The cumulative effect of Clarke’s report is to present the neoconservative and profoundly offensive view that Islam is ‘a swamp’ in which noisome creatures such as crocodiles and mosquitos thrive and are given nourishment and support. ‘Peter’ has delivered what his political and media friends hoped and asked for. His report is a grave disservice, however, to very many millions of others.

There is further brief comment on Clarke’s report in this week’s newsletter from the Institute of Race Relations – http://www.irr.org.uk/news/hatred-hysteria-and-a-trojan-horse/

Questioning the Trojan Horse

This morning (Wednesday 9 July 2014) the Education Select Committee at the House of Commons is interviewing three senior members of Ofsted. Next week it is interviewing the secretary of state for education. The principal subject for both interviews is extremism in schools. The interviews will show, both explicitly and tacitly, how Ofsted and the Department foe Education understand the concept of extremism. Also they will show, and similarly both explicitly and tacitly, how the Select Committee understands the concept.

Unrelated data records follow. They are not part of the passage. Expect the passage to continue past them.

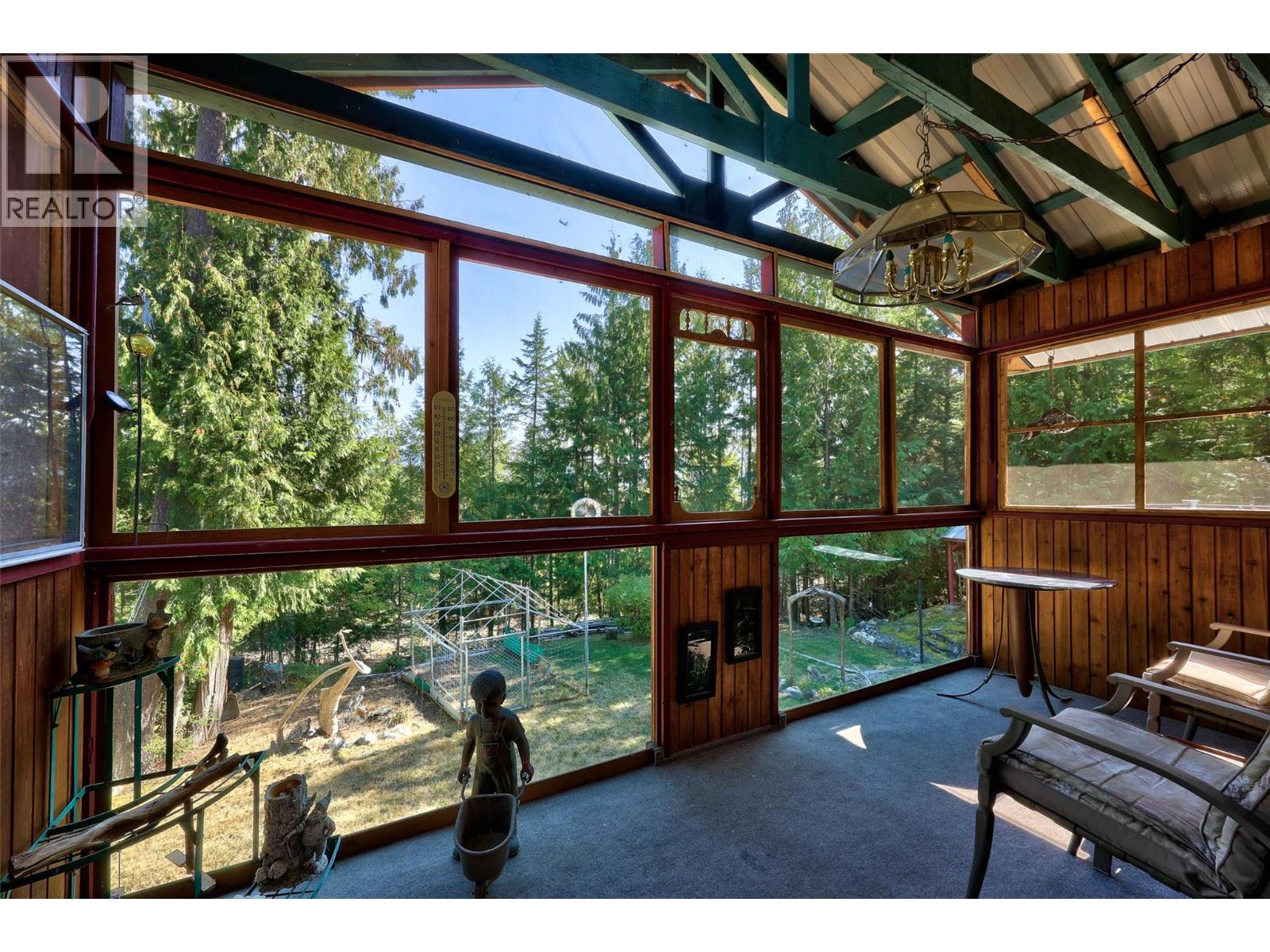 7650 Mountain Drive, Anglemont
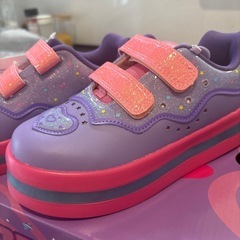 【光る‼️】しなこ　靴　20cmの画像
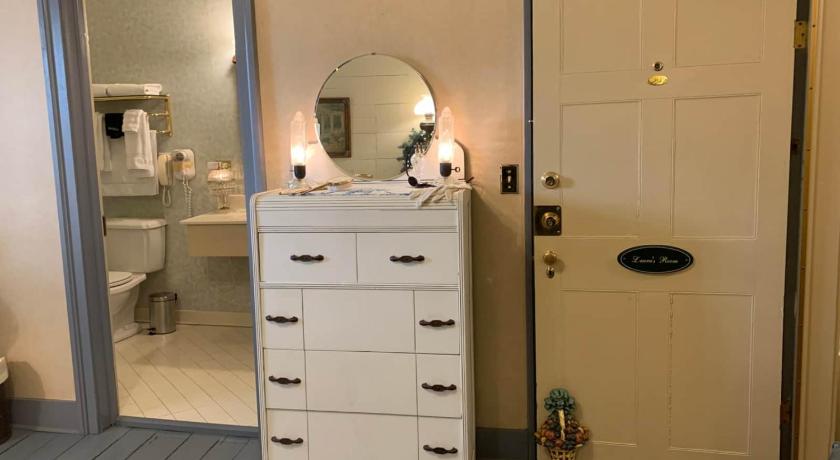 존스보로그 (TN) Laura's Room at The Historic Eureka Inn 4성급 숙소 스위트룸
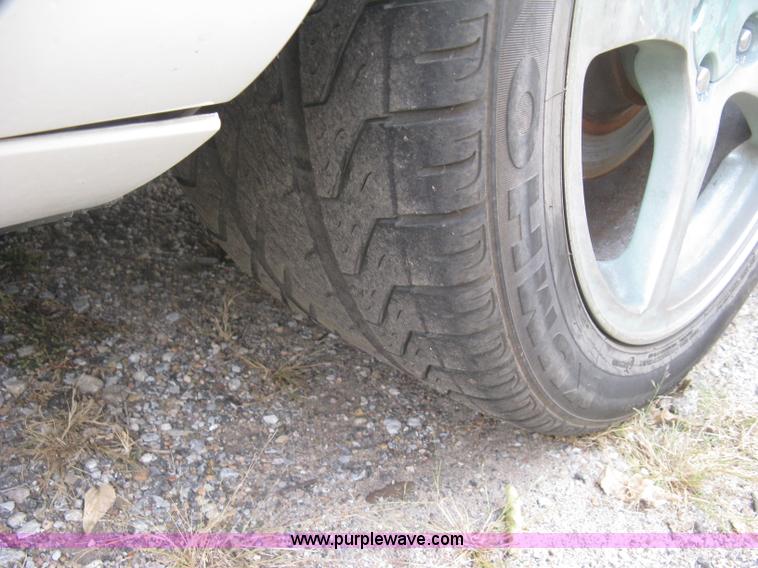 image for item L6368 1989 Chevrolet Corvette convertible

Two new papers on the Insted Consultancy website this morning provide reminders of key issues. The one paper consists of extracts from recent articles about the Trojan Horse affair in Birmingham – ‘Issues requiring attention’ by Tim Brighouse, ‘The heart of inner city schooling’ by Shamim Miah, ‘An invidious position’ by Jacqueline Baxter, ‘What it means to be civilised’ by Muhammad Khan, ‘A source of deep shame’ by Lee Donaghy and ‘A compelling guide to the debate’ by Peter Oborne. The other paper lists the articles from which these extracts are taken, and also about 40 other recent articles about the Trojan Horse which similarly present an understanding of extremism which is different from, and counter to, that of the dominant narrative in the mainstream media.

The two papers can be accessed from Insted’s home page at http://www.insted.co.uk.

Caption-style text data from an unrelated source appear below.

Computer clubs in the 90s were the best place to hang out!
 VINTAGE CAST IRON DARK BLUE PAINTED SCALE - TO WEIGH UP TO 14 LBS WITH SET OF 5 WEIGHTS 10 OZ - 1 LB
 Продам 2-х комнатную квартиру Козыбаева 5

Yet another Muslim plot, new research shows

Careful research by a newspaper reveals today that Edward the Sixth, the half-brother of Elizabeth the First, popularly known as Good Queen Bess, was secretly a Muslim. He did not live long but nevertheless laid the foundations for the gradual Muslimisation of British culture during the centuries which followed his reign.

In his own lifetime (1537—1553) Edward’s great achievement was to persuade his half-sister Elizabeth, who was played by Dame Judy Dench in a recent TV series, not to demonise Muslims. Instead of demonising Muslims, he maintained, the English should demonise Catholics and, though to a lesser extent, people in Scotland.

As a result of Edward’s efforts many British Muslims in the sixteenth century were spared the embarrassment of being burnt alive in public, and Islam as a religion was not seen as a major threat to world civilisation.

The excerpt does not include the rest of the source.